I'm sure if you are a spouse of someone in the military you've come across the emptional stages of deployment before. I found myself going to that old post I saw on a military girlfriend support board back in 2006 at the beginning of the last deployment. I'm a realist - I don't believe that the deployment won't happen, nor will the plane break down. He's leaving and I'll stand by him and be there to support him. I'm slowly working out of my angry phase and accepting that this is something he wants and needs to do before we move forward in our lives together.
Is there anything you actually like about deployments?
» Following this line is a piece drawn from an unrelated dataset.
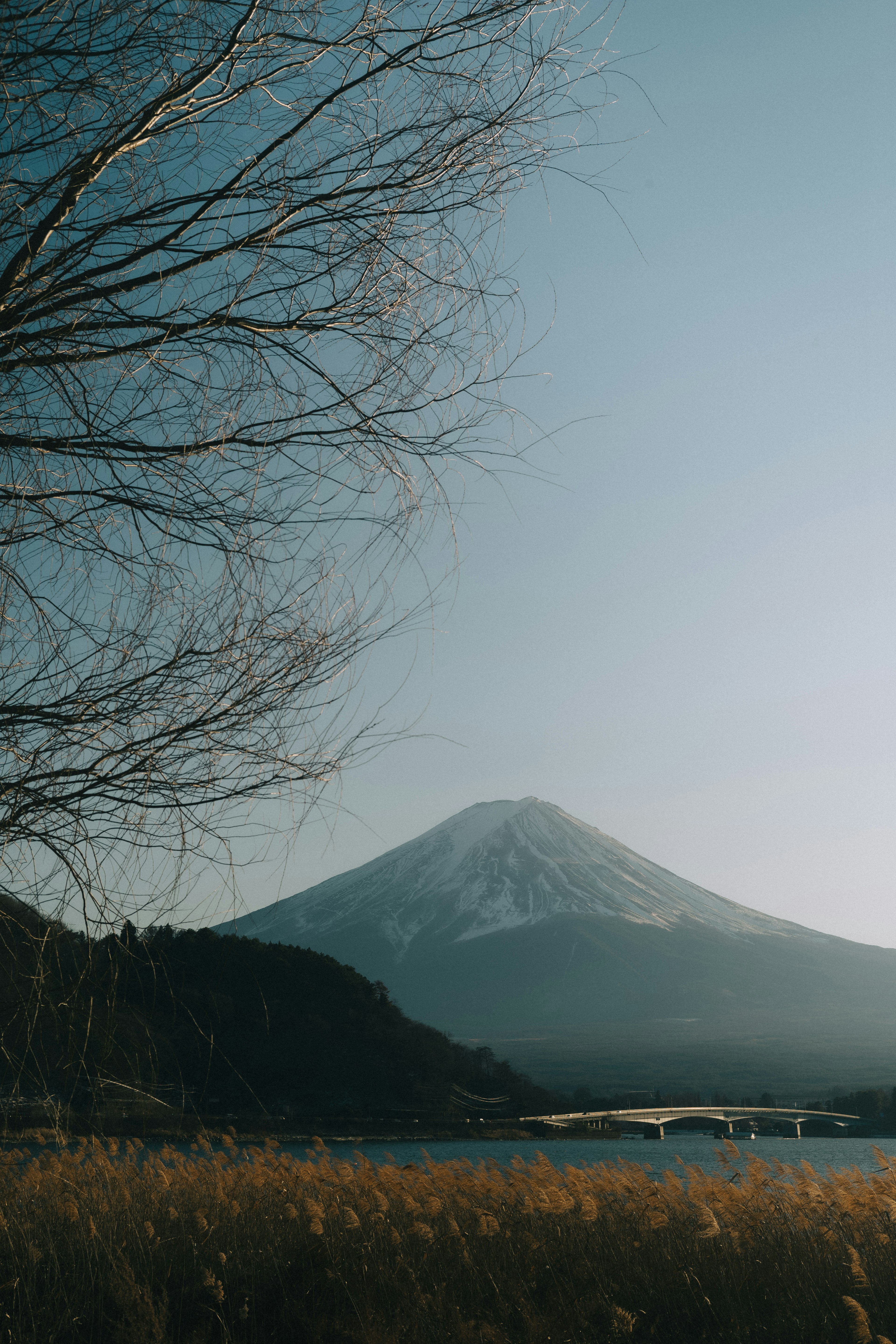 Vista del monte Fuji e di un lago tranquillo con rami d'albero secchi in primo piano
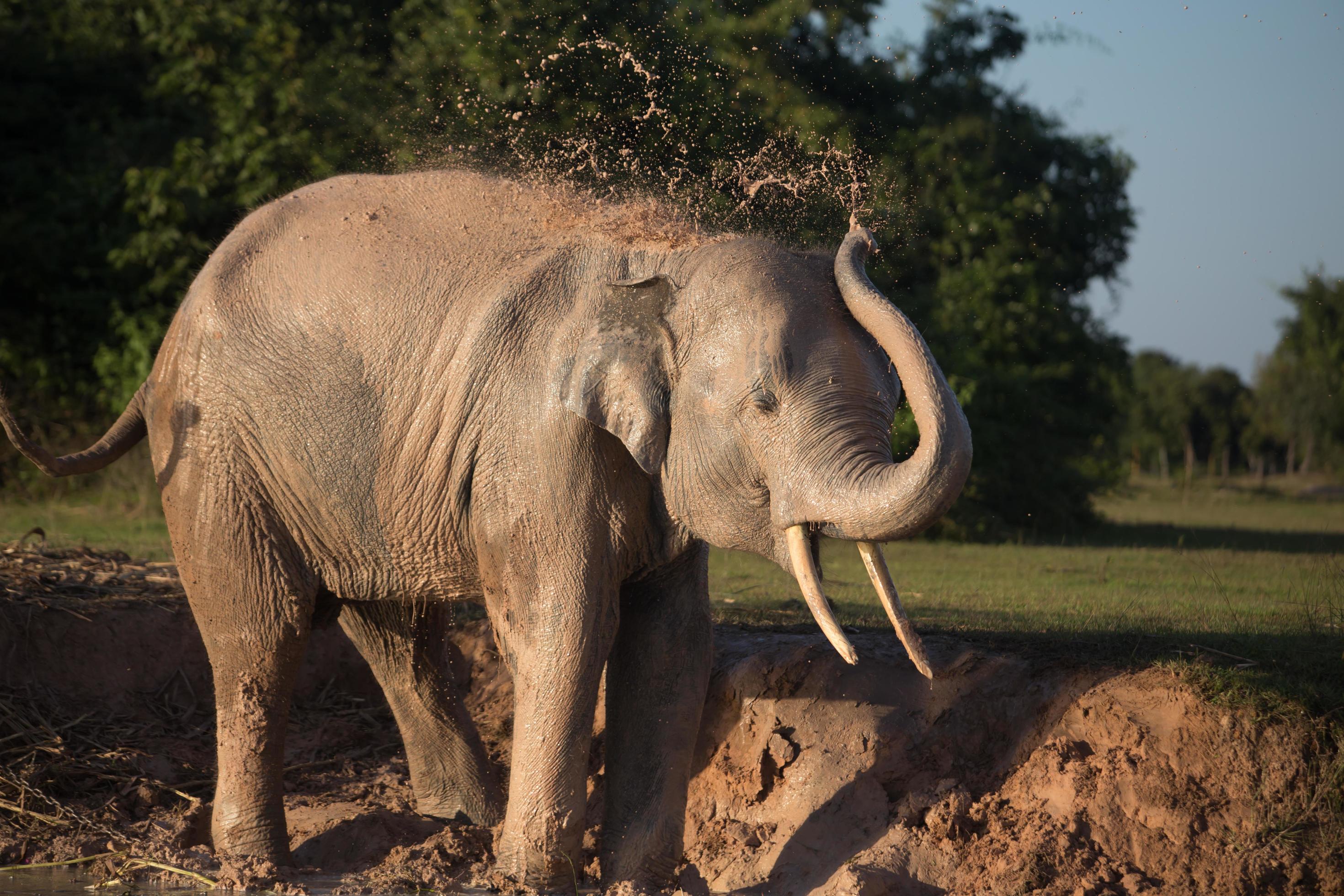 Elephant taking mud bath 12233225 Stock Photo at Vecteezy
I hate to admit that there are things I'm looking forward to such as going broke sending him unique care packages, getting three weeks of uninterupted time during his leave, and sending ridiculous amounts of e-mails. Don't get me wrong, I'd rather be sitting with him in person but I'm focusing on the positives here!
With all of that, the actual deployment is far off and right now I'm going to focus on enjoying him before he leaves for training. Lately, I haven't felt like much of a military girlfriend but boy has that changed.